Frozen 3 (stylized as Frozen III) is an upcoming American animated musical fantasy film written and directed by Jennifer Lee. Produced by Walt Disney Animation Studios, it is the third feature film in the Frozen franchise, following Frozen II. Kristen Bell, Idina Menzel, Josh Gad, and Jonathan Groff will reprise their roles from the previous films. In the film, Anna and Kristoff's wedding will be seen, Anna will join Elsa on a new journey, and the royal family will welcome a new member.

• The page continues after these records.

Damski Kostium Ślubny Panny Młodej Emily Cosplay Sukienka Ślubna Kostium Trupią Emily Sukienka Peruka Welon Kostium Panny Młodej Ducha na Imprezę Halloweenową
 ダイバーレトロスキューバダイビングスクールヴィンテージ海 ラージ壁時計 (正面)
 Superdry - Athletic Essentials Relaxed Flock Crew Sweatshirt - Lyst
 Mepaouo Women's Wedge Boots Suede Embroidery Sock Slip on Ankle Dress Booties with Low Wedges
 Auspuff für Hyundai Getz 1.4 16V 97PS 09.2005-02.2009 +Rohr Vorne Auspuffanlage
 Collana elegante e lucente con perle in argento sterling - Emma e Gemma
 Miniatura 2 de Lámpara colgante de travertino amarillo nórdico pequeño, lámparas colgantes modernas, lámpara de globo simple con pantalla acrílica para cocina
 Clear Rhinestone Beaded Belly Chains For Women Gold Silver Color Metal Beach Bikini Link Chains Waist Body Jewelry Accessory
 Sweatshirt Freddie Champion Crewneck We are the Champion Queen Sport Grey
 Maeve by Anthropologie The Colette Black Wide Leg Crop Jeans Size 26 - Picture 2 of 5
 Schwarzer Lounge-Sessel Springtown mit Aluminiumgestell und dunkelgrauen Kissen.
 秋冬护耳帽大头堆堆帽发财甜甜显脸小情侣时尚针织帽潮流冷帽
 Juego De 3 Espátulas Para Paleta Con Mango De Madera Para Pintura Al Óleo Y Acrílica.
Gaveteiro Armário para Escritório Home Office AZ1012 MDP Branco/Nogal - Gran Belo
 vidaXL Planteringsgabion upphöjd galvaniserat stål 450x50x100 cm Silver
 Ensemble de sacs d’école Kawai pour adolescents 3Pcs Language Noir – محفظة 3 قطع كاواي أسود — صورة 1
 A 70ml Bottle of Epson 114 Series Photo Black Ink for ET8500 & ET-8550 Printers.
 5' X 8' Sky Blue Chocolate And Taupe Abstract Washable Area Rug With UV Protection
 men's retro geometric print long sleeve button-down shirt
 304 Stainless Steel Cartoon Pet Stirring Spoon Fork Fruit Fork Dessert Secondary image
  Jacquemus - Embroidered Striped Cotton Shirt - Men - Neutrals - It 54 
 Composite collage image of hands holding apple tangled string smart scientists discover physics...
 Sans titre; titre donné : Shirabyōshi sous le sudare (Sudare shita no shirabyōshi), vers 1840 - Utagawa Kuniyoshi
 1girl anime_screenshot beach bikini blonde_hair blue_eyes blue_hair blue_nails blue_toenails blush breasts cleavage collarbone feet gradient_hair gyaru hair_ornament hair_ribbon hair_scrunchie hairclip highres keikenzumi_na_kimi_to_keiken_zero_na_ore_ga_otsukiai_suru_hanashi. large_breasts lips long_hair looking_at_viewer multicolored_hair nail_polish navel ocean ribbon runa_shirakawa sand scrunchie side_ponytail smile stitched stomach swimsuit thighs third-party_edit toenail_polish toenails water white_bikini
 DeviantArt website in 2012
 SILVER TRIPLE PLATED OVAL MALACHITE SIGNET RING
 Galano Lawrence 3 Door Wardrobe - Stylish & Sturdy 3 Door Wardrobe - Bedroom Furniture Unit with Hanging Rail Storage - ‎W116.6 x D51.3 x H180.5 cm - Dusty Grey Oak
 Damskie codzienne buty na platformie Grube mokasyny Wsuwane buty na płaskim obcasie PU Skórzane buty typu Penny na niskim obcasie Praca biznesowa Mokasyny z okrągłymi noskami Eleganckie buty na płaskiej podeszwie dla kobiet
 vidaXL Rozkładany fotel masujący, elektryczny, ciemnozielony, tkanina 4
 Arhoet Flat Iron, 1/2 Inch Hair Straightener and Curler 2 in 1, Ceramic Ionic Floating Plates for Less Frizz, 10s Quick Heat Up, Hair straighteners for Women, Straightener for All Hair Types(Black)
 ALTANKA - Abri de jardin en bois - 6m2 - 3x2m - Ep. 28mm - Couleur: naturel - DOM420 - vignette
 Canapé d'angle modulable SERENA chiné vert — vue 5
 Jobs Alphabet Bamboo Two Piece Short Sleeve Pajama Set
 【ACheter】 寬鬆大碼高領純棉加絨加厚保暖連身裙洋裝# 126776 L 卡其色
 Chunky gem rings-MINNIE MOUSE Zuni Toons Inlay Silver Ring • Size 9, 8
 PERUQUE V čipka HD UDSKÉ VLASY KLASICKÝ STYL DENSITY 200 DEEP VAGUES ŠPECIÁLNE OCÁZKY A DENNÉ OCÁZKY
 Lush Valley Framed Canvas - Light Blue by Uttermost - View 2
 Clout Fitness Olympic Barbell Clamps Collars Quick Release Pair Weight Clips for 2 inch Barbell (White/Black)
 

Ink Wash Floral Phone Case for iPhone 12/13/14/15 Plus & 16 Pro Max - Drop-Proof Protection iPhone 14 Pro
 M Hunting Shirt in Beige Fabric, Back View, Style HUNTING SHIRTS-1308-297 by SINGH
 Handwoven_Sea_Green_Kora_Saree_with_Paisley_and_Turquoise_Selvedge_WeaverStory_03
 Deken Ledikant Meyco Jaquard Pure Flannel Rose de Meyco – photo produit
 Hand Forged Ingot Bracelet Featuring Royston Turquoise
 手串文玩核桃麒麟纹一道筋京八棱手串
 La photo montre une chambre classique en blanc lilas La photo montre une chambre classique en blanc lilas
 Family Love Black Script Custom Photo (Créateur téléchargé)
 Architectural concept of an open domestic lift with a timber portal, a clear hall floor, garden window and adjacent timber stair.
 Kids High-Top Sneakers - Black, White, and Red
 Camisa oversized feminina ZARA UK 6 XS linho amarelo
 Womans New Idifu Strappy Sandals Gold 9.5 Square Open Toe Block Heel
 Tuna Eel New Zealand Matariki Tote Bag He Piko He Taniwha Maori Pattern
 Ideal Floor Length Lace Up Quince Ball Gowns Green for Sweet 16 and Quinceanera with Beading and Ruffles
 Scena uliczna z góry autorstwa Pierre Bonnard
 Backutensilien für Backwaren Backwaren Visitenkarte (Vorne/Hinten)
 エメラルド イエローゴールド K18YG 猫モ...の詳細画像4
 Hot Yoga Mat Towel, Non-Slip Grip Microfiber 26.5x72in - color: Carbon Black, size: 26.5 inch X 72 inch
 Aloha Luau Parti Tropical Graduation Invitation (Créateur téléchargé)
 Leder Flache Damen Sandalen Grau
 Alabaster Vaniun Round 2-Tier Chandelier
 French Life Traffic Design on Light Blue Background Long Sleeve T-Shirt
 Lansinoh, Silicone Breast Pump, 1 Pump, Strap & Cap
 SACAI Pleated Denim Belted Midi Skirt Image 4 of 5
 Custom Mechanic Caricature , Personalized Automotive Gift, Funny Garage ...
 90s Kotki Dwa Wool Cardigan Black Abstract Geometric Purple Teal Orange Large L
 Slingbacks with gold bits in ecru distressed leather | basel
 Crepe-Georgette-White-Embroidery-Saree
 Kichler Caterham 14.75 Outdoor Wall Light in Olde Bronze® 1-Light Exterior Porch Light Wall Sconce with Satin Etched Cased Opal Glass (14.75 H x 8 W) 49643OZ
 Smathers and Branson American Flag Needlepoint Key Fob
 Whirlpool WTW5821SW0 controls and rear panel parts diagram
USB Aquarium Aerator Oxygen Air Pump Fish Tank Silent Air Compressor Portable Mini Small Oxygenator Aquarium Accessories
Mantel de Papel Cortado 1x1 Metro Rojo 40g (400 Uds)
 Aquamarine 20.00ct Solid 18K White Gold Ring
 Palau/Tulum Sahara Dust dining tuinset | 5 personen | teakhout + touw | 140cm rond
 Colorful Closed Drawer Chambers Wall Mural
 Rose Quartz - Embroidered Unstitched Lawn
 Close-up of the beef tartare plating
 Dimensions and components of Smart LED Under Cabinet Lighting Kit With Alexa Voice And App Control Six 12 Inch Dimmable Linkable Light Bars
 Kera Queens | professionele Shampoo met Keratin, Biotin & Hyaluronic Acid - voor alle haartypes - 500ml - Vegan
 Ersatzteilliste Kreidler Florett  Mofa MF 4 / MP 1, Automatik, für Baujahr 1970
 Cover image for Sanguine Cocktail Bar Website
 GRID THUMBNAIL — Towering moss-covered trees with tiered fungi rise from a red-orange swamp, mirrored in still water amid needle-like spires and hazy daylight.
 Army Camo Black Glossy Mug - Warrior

Development on a third Frozen film was announced by Disney CEO Bob Iger in February 2023, though Lee initially stated in June that she would not return to direct. Lee eventually decided to write and direct the film in September 2024, with the returning cast being announced in November 2025.

Frozen 3 is scheduled to be theatrically released in the United States on November 24, 2027.

==Voice cast==
- Kristen Bell as Anna
- Idina Menzel as Elsa
- Josh Gad as Olaf
- Jonathan Groff as Kristoff

==Production==
In February 2023, during the Q1 earnings call, Disney CEO Bob Iger announced that a sequel to Frozen 2 (2019) was in active development. Shortly thereafter, MovieWeb exclusively reported that Josh Gad would return as the voice of Olaf in the film. In June of the same year, Jennifer Lee revealed that she would not be returning to direct. At the D23 convention in August 2024, Lee showed the first look concept art of the film. The following month, it was revealed that Lee would be directing the film after all, with her stepping down as Chief Creative Officer for Walt Disney Animation Studios. In November 2025, Gad was officially confirmed to be reprising his role, alongside Idina Menzel and Kristen Bell, while Once Upon a Studio (2023) director Trent Correy signed on as the film's co-director. In February 2026, Gad began recording voice work for his role as Olaf.

==Marketing==
In an interview with License Global in February 2026, Paul Glitter, the executive vice president of global brand commercialization at Disney Consumer Products, revealed that a new Frozen short film would be released in October. He elaborated by saying, "we're excited to kick off the countdown to Frozen 3 with a new short this October, ahead of our biggest ever cross-company movie marketing campaign in 2027."

Footage from Frozen 3 was shown at the D23 fan event in August 2026.

==Release==
Frozen 3 is scheduled to be theatrically released in the United States by Walt Disney Pictures on November 24, 2027.

==Sequel==
In November 2023, Disney CEO Bob Iger announced that a fourth Frozen film was in active development. At the 2024 D23 convention, Jennifer Lee confirmed that a fourth film was being planned. The film was officially confirmed the following month with Lee and Marc Smith set to write the script.